Matriks Korelasi Pearson — Y1 (G1), Y2 (G2), X3 (absences)

	G1	G2	absences
G1	1.0000	0.8521	-0.0310
G2	0.8521	1.0000	-0.0318
absences	-0.0310	-0.0318	1.0000

Visualisasi: Heatmap Korelasi

cor_data <- as.data.frame(mat_cor_full) %>%
  rownames_to_column("Var1") %>%
  pivot_longer(-Var1, names_to = "Var2", values_to = "r")

ggplot(cor_data, aes(x = Var1, y = Var2, fill = r)) +
  geom_tile(color = "white", linewidth = 1) +
  geom_text(aes(label = round(r, 3)),
            size = 5, color = "white", fontface = "bold") +
  scale_fill_gradient2(
    low = "#1976D2", mid = "white", high = "#E91E8C",
    midpoint = 0, limits = c(-1, 1)
  ) +
  labs(
    title    = "Heatmap Korelasi Pearson",
    subtitle = "Y1 (G1), Y2 (G2), X3 (absences)",
    x = NULL, y = NULL, fill = "r"
  ) +
  coord_fixed() +
  theme_minimal(base_size = 13) +
  theme(axis.text = element_text(size = 12, face = "bold"))

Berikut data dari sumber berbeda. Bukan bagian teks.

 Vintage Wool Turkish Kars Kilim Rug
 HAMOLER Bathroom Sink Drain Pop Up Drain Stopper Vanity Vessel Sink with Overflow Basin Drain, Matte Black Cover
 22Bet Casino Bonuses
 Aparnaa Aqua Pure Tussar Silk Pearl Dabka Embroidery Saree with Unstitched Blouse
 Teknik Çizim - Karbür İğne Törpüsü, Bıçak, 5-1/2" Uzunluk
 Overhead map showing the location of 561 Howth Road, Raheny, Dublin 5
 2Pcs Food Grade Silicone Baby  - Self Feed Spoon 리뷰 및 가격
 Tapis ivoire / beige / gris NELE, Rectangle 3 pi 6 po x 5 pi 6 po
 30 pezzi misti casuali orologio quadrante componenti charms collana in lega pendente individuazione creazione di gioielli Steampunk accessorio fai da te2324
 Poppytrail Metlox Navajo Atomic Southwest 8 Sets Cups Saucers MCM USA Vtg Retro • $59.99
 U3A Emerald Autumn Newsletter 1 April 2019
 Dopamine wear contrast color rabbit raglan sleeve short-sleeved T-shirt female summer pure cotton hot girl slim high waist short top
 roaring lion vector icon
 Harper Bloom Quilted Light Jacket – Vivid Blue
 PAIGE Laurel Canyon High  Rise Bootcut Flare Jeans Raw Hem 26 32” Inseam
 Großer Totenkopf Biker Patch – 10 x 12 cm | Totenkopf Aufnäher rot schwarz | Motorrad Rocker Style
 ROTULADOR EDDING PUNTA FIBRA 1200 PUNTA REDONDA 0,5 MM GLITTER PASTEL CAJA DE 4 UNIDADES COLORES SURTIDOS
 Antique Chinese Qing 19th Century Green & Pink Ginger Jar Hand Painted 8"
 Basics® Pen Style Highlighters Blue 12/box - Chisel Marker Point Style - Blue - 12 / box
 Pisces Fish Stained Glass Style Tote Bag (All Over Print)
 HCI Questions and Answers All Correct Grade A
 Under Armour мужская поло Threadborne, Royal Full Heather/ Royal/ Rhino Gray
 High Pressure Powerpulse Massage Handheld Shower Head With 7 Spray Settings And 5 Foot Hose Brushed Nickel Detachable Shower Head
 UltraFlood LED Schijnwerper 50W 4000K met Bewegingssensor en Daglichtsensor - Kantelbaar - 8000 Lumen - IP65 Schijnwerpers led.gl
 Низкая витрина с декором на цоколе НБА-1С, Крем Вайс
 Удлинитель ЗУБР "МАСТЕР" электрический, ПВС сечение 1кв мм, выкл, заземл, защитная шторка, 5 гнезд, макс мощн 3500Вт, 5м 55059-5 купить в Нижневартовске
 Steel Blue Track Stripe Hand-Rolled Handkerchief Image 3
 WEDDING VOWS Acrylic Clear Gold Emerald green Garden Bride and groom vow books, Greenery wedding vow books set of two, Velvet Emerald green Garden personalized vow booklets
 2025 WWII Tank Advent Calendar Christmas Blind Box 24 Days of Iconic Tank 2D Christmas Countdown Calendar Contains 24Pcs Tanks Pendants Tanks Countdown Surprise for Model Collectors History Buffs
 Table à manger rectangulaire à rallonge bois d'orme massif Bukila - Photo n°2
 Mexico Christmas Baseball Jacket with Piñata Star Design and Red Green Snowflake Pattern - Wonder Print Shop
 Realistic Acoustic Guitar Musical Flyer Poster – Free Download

Visualisasi: Scatter Plot Y1 vs Y2 dengan Regresi

ggplot(df, aes(x = G1, y = G2, color = sex, shape = address)) +
  geom_point(alpha = 0.5, size = 2.5) +
  geom_smooth(method = "lm", se = TRUE,
              aes(group = 1),
              color = "gray30", linewidth = 1.2) +
  scale_color_manual(values = c("Perempuan" = "#E91E8C",
                                "Laki-laki" = "#1976D2")) +
  annotate("text",
           x = max(df$G1, na.rm = TRUE) * 0.7,
           y = min(df$G2, na.rm = TRUE) * 1.1,
           label = paste0("r = ", round(r_G1_G2, 3)),
           size = 5, color = "gray20", fontface = "bold") +
  labs(
    title    = "Scatter Plot Y1 (G1) vs Y2 (G2)",
    subtitle = paste0("r = ", round(r_G1_G2, 3),
                      " | Korelasi kuat positif — DV berkorelasi tapi tidak identik"),
    x     = "Y1 (G1 — Nilai Periode 1)",
    y     = "Y2 (G2 — Nilai Periode 2)",
    color = "Sex", shape = "Address"
  ) +
  theme_minimal(base_size = 13) +
  theme(legend.position = "bottom")

## `geom_smooth()` using formula = 'y ~ x'

## Warning: The following aesthetics were dropped during statistical transformation: shape.
## ℹ This can happen when ggplot fails to infer the correct grouping structure in the data.
## ℹ Did you forget to specify a `group` aesthetic or to convert a numerical variable into a factor?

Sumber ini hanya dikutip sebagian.